Lifeguard electrocuted after contacting an energized pump motor housing.
NIOSH 1995 Feb; :1-4
On June 14, 1994, a 20 year-old male lifeguard was electrocuted after entering the pump room of a swimming pool at an apartment complex. The victim had just checked in for work and had taken a brief swim before going into the pump room to begin his pool maintenance duties. As he apparently tried to adjust the chlorine pump, his leg contacted the metal pump housing that had been energized with 220 volts. He was shocked and cried out for help before falling unconscious in the pump room. Despite rescue efforts, he was pronounced dead 2 hours after the incident. An inspection of the pump found that faulty wiring and grounding allowed the pump housing to become energized.

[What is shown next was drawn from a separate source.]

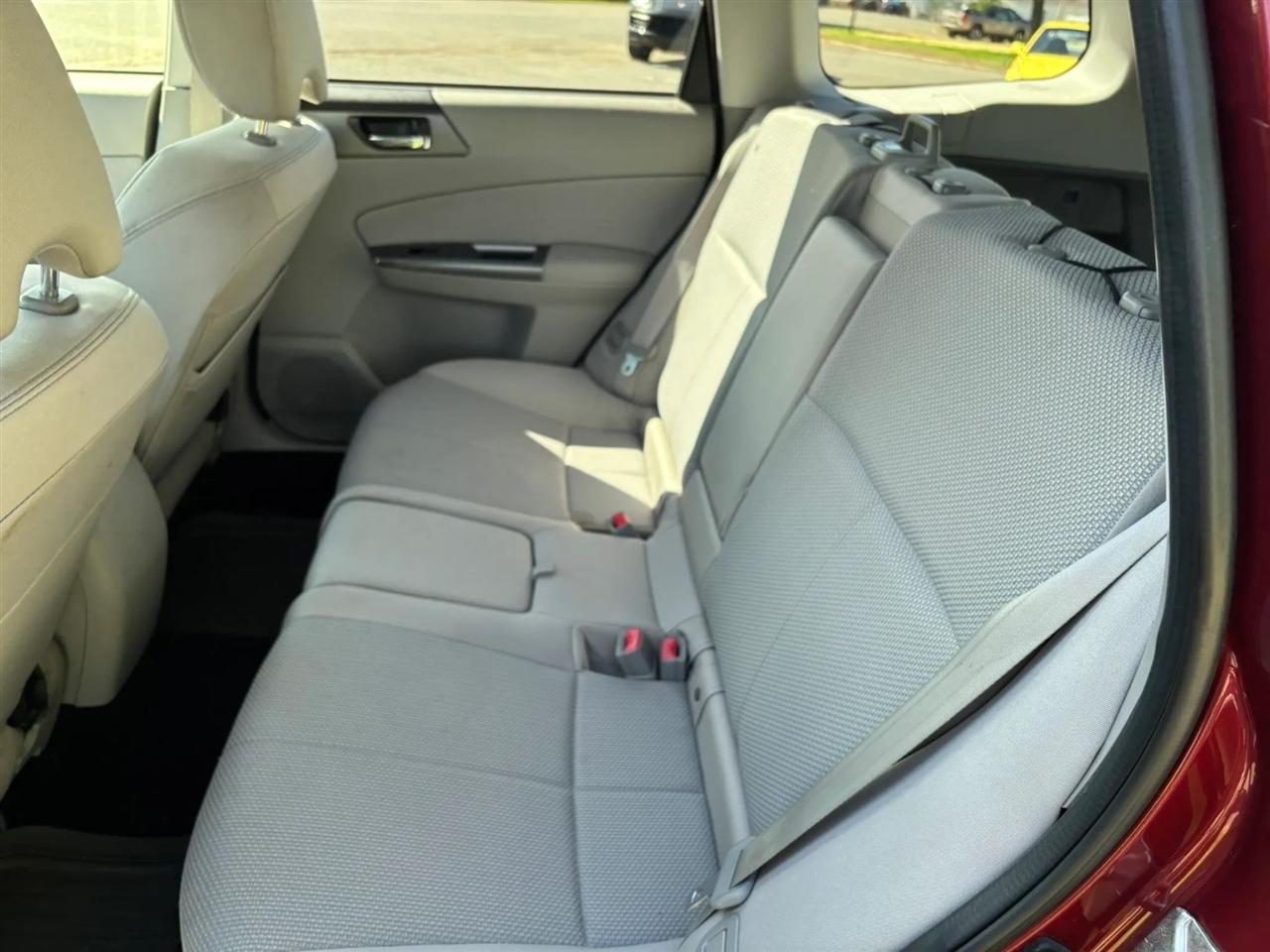 Subaru Forester 2.5X Premium 2013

NJDOH FACE investigators concluded that, in order to prevent similar incidents in the future, these safety guidelines should be followed: 1. Employers should maintain all equipment in safe operating condition. 2. State agencies should require that all swimming pool electrical systems be fitted with ground fault circuit interruptors. 3. State agencies should require that all swimming pool electrical systems receive periodic electrical inspections. 4. Certified pool managers and lifeguards should be provided with training that includes discussions of electrical hazards. 5. Employers should ensure that electrical controls are located where they can be easily and safely operated.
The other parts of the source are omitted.